Kolmogorov complexity of D and D+d

Question

I'm looking into using of the shelf compression algorithm to approximate the Kolmogorov complexity of a document corpus D and the complexity of D+d, where d is an extra document. I've got a strange result where size(compress(D)) > size(compress(D+d)). Is this possible if compress actually calculated (the uncomputable) Kolmogorov complexity of D and D+d?

Answer 1

I'm no expert on Kolmogorov complexity, but I think it could happen; here is some intuition. The $D$ and $D + d$ are represented by two strings $S(D)$ and $S(D + d)$, and $S(D)$ is a prefix of $S(D + d)$. So you're asking whether a prefix of a string can have higher Kolmogorov complexity than the string itself. I think this is the case:

Let $P$ be some randomly generated string of high complexity. Now let $X$ be the result of repeating $P$ a number of times, say 10 times. Let $Y$ a prefix of $X$ that is some characters shorter.

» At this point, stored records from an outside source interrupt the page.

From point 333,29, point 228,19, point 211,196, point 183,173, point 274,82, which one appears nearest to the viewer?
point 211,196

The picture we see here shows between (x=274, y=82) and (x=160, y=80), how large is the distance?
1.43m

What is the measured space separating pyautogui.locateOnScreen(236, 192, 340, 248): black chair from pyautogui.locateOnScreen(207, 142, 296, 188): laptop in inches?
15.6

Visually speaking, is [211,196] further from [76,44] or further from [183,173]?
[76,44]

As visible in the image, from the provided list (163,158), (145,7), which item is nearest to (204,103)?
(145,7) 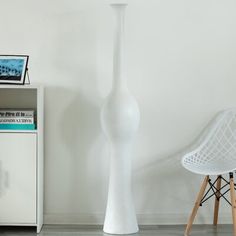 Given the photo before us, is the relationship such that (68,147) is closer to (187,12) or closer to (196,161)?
(196,161)

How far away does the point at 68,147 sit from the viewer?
4.26 meters

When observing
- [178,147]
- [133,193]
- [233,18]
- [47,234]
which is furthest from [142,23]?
[47,234]

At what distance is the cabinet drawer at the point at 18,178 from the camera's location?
157 inches

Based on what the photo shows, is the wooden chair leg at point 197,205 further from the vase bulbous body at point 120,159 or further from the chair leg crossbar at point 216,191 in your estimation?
the vase bulbous body at point 120,159

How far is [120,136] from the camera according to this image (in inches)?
156

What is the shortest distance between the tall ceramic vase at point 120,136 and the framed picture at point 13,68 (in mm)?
597

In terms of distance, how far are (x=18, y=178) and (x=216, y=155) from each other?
137 cm

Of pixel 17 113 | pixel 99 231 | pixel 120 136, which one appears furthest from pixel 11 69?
pixel 99 231

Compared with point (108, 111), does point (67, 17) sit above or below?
above

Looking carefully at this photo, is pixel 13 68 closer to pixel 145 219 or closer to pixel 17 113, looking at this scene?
pixel 17 113

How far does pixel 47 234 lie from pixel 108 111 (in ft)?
2.97

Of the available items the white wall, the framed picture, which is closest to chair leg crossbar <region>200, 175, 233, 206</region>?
the white wall

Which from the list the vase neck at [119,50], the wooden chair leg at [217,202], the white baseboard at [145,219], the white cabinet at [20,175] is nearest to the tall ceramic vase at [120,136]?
the vase neck at [119,50]

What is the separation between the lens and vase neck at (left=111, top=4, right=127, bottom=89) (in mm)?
3947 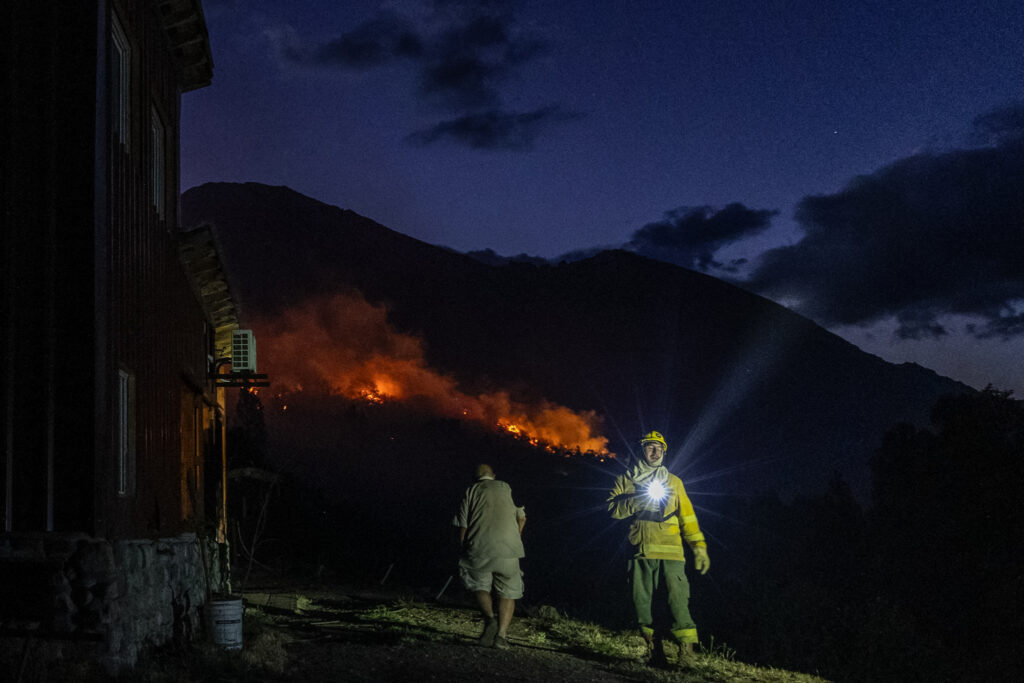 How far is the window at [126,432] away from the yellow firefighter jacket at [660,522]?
4772 mm

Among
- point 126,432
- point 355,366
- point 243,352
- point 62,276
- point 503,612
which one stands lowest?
point 503,612

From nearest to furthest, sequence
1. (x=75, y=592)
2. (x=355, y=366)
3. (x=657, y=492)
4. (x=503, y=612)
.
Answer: (x=75, y=592), (x=657, y=492), (x=503, y=612), (x=355, y=366)

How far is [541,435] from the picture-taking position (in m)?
37.5

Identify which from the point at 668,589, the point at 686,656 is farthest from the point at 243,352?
the point at 686,656

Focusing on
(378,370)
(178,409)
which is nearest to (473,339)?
(378,370)

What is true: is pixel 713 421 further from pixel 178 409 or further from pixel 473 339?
pixel 178 409

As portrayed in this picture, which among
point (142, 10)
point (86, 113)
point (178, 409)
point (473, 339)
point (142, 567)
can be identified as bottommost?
point (142, 567)

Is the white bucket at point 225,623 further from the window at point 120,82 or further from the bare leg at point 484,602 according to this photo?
the window at point 120,82

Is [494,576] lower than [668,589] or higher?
higher

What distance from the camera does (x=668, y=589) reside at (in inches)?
387

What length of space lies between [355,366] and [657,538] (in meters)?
37.2

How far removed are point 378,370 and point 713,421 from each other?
72.7 metres

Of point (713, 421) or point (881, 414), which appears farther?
point (881, 414)

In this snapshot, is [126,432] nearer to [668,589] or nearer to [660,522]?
[660,522] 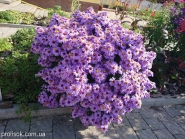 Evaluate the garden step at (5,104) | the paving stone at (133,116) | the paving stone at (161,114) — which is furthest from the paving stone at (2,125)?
the paving stone at (161,114)

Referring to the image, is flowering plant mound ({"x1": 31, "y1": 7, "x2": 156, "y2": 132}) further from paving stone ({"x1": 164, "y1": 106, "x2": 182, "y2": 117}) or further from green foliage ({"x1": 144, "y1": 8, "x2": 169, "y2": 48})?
green foliage ({"x1": 144, "y1": 8, "x2": 169, "y2": 48})

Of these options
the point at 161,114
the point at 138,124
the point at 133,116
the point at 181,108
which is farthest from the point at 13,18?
the point at 181,108

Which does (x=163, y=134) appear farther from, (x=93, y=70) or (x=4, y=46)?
(x=4, y=46)

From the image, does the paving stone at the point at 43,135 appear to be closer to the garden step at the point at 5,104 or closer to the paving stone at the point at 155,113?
the garden step at the point at 5,104

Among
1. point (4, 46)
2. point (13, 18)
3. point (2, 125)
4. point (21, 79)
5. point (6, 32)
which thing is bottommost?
point (2, 125)

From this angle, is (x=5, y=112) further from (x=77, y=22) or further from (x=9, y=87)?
(x=77, y=22)

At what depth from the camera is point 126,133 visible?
3053 mm

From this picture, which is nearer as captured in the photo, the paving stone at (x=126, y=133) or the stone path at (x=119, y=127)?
the stone path at (x=119, y=127)

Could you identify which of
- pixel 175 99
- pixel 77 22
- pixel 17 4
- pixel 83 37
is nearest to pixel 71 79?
pixel 83 37

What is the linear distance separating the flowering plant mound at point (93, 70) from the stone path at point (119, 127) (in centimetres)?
31

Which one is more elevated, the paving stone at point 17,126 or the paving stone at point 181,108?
the paving stone at point 17,126

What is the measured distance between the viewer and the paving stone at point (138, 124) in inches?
126

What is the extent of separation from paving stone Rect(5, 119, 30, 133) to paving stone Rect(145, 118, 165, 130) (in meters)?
2.02

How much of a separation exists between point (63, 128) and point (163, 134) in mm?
1646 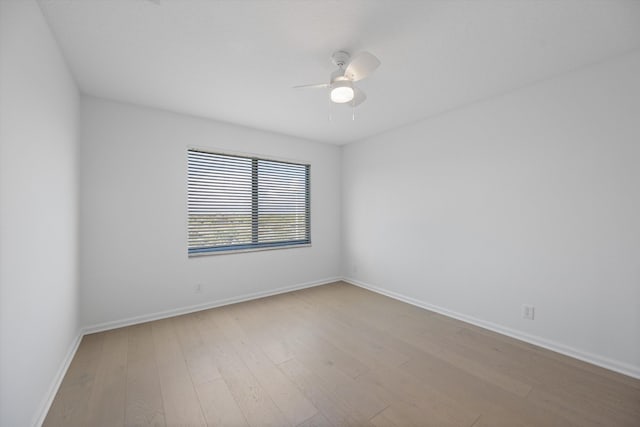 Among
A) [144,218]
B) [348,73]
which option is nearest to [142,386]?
[144,218]

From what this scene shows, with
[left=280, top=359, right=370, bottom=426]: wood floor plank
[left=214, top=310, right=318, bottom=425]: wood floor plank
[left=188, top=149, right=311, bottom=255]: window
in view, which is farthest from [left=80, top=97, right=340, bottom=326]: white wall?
[left=280, top=359, right=370, bottom=426]: wood floor plank

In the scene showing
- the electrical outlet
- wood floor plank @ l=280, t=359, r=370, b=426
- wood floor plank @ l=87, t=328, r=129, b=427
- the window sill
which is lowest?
wood floor plank @ l=280, t=359, r=370, b=426

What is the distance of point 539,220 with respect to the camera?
2391 mm

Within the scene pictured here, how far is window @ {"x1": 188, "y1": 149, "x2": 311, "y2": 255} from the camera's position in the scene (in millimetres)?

Then a program to output $X$ would just say "repeat string $P$ 10 times", whereas the program to output $Y$ would have to say: "repeat string $P$ 10 times, and then subtract a couple of characters from the end". If $P$ is sufficiently complex then the intuition is that indeed the shortest way to generate $Y$ would be in this way, hence the program that generates $X$ is shorter than the one which generates $Y$, and the Kolmogorov complexity of $X$ would be lower than of its prefix $Y$.